Mais à sa manière, le pape Jean-Paul II était-il moins exceptionnel ? Il a lui aussi explosé sur la scène vaticane, affichant immédiatement le magnétisme personnel d’une rock star. Nous aurions pu nous attendre à un pape saint, voire à un érudit de premier ordre. Mais il était aussi un acteur talentueux, un linguiste, un athlète, un poète… Y avait-il quelque chose qu’il ne savait pas faire ? Avec sa maîtrise naturelle de toutes les scènes, il était le genre de leader qui n’apparaît sur la scène mondiale qu’une fois dans sa vie ; il serait stupide de penser que les autres papes en feront autant.
Puis vint le pape Benoît XVI, timide et réservé, à la personnalité radicalement différente de celle de son prédécesseur et ami. Le pape Jean-Paul II était naturel devant une foule nombreuse, tandis que le pape Benoît XVI aspirait à une retraite tranquille et érudite. Pourtant, lui aussi était unique en son genre. Nous attendons du pontife romain qu’il soit versé en théologie, mais nous ne pouvons raisonnablement pas nous attendre à ce qu’il soit, comme l’était incontestablement Benoît XVI, l’un des théologiens les plus remarquables de son temps, voire le plus grand théologien ayant jamais occupé le trône de Pierre. Les foules qui avaient commencé à se presser aux audiences papales sous Jean-Paul II ont continué à venir écouter Benoît XVI – peut-être moins bruyamment, mais reconnaissantes pour les leçons catéchétiques qui étaient des distillations limpides de profondes intuitions spirituelles. Encore une fois, il serait insensé de s’attendre à ce qu’un autre pape de notre vivant ait les mêmes dons.
Voici maintenant le pape Léon XIV, qui agit comme nous attendons d’un pape qu’il agisse : il porte les vêtements traditionnels, préside les rites liturgiques traditionnels, rencontre les dirigeants du monde et le grand public. Il est manifestement de nature à s’effacer, mais il semble s’adapter avec aisance à son nouveau statut de célébrité. Les foules de la place Saint-Pierre l’ont définitivement adopté, mais pas avec l’enthousiasme que suscitait le pape Jean-Paul II. Je pense qu’elles réagissent non pas à un charisme personnel, mais au charisme du vicaire de Pierre.
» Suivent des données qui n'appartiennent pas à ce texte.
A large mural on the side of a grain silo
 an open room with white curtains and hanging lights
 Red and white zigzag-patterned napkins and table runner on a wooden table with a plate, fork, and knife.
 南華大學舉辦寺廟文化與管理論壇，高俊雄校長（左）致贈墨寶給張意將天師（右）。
Lorsque je dis que le pape Léon n’a pas les références intellectuelles de Jean-Paul II ou de Benoît XVI, je ne veux pas lui manquer de respect ; très peu d’hommes les ont. Il a montré une bonne compréhension des principes théologiques, mais n’a pas souhaité « repousser les limites ». Son point fort, c’est le droit canonique : les règles qui régissent le bon fonctionnement de l’Église universelle. Et n’est-ce pas ce à quoi nous aspirons aujourd’hui dans l’Église catholique, après des années de troubles et de divisions ? À sa manière, il a déjà démontré son talent pour désamorcer les tensions, pour démontrer et encourager la piété et, surtout, pour attirer l’attention sur les vérités simples et immuables du Credo.
Un mois s’est écoulé et le nouveau pape n’a rien fait d’extraordinaire. Et c’est très bien ainsi. Le devoir du Pape est de diriger la Barque de Pierre, pas de fournir le courant, et nous connaissons déjà la destination finale. S’il reste tranquillement à la barre, en ajustant le gouvernail de temps en temps (avec une application judicieuse du droit canon), nous pourrons nous rappeler à quel point une papauté « ordinaire » peut être une bénédiction.